The process, for those confused, explained by NBC:

In “fracking” or hydraulic fracturing operations, oil and gas companies use massive amounts of water to force the release of underground fossil fuels. The practice produces large amounts of waste water that must then be disposed of.

 

Marshall said that often times, oil and gas companies simply re-inject that waste water back deep underground where the oil extraction took place. But other times, Marshall said, the waste water is re-injected into aquifers closer to the surface. Those injections are supposed to go into aquifers that the EPA calls “exempt”—in other words, not clean enough for humans to drink or use.

 

But in the State’s letter to the EPA, officials admit that in at least nine waste water injection wells, the waste water was injected into “non-exempt” or clean aquifers containing high quality water.

 

For the EPA, “non-exempt” aquifers are underground bodies of water that are “containing high quality water” that can be used by humans to drink, water animals or irrigate crops.

 

If the waste water re-injection well “went into a non-exempt aquifer. It should not have been permitted,” said Marshall.

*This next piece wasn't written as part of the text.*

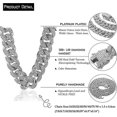 thumbnail image 3 of Gold Chain For Men,13mm Cuban Link Chain 18k Real Gold Plated/platinum White Gold Finish Gift, 3 of 5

Yet it was, to the tune of 3 billion gallons. And nobody said a word about it until someone finally did a little research and found that people, especially those in power, lie.

And lie they did because the severity of the pollution is only now becoming clear:

In its reply letter to the EPA, California’s Water Resources Control Board said its “staff identified 108 water supply wells located within a one-mile radius of seven…injection wells” and that The Central Valley Water Board conducted sampling of “eight water supply wells in the vicinity of some of these… wells.”

 

“This is something that is going to slowly contaminate everything we know around here,” said fourth- generation Kern County almond grower Tom Frantz, who lives down the road from several of the injection wells in question.

 

According to state records, as many as 40 water supply wells, including domestic drinking wells, are located within one mile of a single well that’s been injecting into non-exempt aquifers.

 

That well is located in an area with several homes nearby, right in the middle of a citrus grove southeast of Bakersfield.

 

Cue the just as angry community organizers:

“That’s a huge concern and communities who rely on water supply wells near these injection wells have a lot of reason to be concerned that they’re finding high levels of arsenic and thallium and other chemicals nearby where these injection wells have been allowed to operate,” said Kretzmann.

 

“It is a clear worry,” said Juan Flores, a Kern County community organizer for the Center on Race, Poverty and The Environment. “We’re in a drought. The worst drought we’ve seen in decades. Probably the worst in the history of agriculture in California.”

 

“No one from this community will drink from the water from out of their well,” said Flores. “The people are worried. They’re scared.”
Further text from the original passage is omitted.